Poem in Your Pocket Day

I've got a poem in my pocket. Do you? Mine is my favorite poem.

THE EMPEROR OF ICE-CREAM

Call the roller of big cigars,
The muscular one, and bid him whip
In kitchen cups concupiscent curds.
Let the wenches dawdle in such dress
As they are used to wear, and let the boys
Bring flowers in last month’s newspapers.
Let be be finale of seem.
The only emperor is the emperor of ice-cream.

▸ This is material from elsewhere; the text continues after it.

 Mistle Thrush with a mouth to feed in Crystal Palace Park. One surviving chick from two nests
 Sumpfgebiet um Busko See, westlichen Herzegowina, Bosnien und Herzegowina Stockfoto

Take from the dresser of deal
Lacking the three glass knobs, that sheet
On which she embroidered fantails once
And spread it as to cover her face.
If her horny feet protrude, they come
To show how cold she is, and dumb.
Let the lamp affix its beam.
The only emperor is the emperor of ice-cream.

--Wallace Stevens

Wallace Stevens wrote this poem before he took the job he would hold for most of his life, as Vice President of The Hartford Accident and Indemnity Company. I love it because it's so unyielding, and at the same time, inviting. Its cadence and rhyme are so appealing, but the meaning of the poem, in so far as it exists, is obviously withheld. Stevens believed that "things that have their origins in the imagination or in the emotions often take on a form that is ambiguous or uncertain. It is not possible to attach a single, rational meaning to such things without destroying the imaginative or the emotional ambiguity or uncertainty that is inherent in them that is why poets do not like to explain." I think this sums up exactly why it's been so hard for me to write about poetry these past few weeks -- I've been sitting here trying to explain something that will be better left alone.

In that spirit, rather than breakdown what's happening in this poem, I'll say that Stevens was the anti-Keats, in that he did much of his work later in life, while working a "day job" (albeit a high-paying one and one he kept despite offers to teach at Harvard). He didn't disappear into himself, or burnout in an ecstatic or artistic flourish. He was brilliant, but the sense I get is that it was a quiet brilliance, one that allowed for more than himself and his art in his life. When I was trying to be a writer, he was an idol of mine, and he serves as inspiration for everyone who thinks it's possible to be an artist and a lawyer, or a writer and a businessman.